Liberalization of product and labour markets: Winners and losers
The global financial crisis, which hit most countries in 2008, caused a severe and widespread economic downturn. Apart from the well-known over-borrowing problems, debt imbalances and excessive unemployment rate that countries in the periphery of Europe have accumulated over the last decades there is also the belief that market imperfections are equally contributing for the current problems. As a result, Cyprus, Greece, Italy, Portugal and Spain have repeatedly urged to undertake structural product and labour market reforms. Due to the existing structure in these markets the aggregate and distributional effects of the attempted reforms have been rather complex and unpredictable.
In particular important policy concerns arise: how efficient these reforms are in terms of output and employment for the EU periphery countries? Which are the distributional implications for the social groups? Do all agents profit equally or there are winners and losers? Does the public financing instrument accommodating the budget affect the efficiency of the attempted reforms? Are there different ways of public financing if a government prioritises the benefits for one social group vis a vis the other?

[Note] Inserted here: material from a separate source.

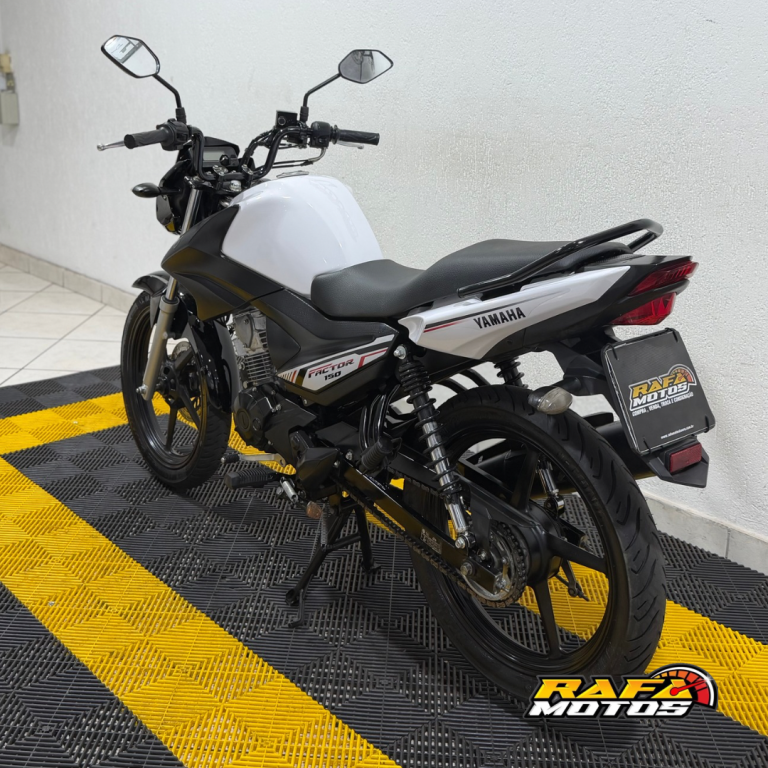 YAMAHA Factor 150 - Foto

This paper studies the implications of higher flexibility, or liberalization, in product and labour markets. We study both efficiency and distribution implications. The vehicle is a standard dynamic general equilibrium (DGE) model that incorporates heterogeneous agents (entrepreneurs and workers) and imperfectly competitive product and labour markets. The combination of market power in the product market, and hence rent creation, with agents’ heterogeneity generates results that influence political feasibility of structural reforms. The model is solved numerically employing parameter values commonly used in the related literature and fiscal data from euro area over the recent years. Regarding efficiency, our solutions show that per capita output, as well as per capita welfare, rise when we liberalize one or both markets. Moreover, the net income of both agents rises as we move to a more competitive economy, either in one or both markets. Thus, any form of liberalization, even incomplete, is Pareto efficient. The question of course is who gains more from this. Regarding distribution, inequality rises when we liberalize the labour market only, while it falls when we liberalize the product market only or when both markets become more flexible.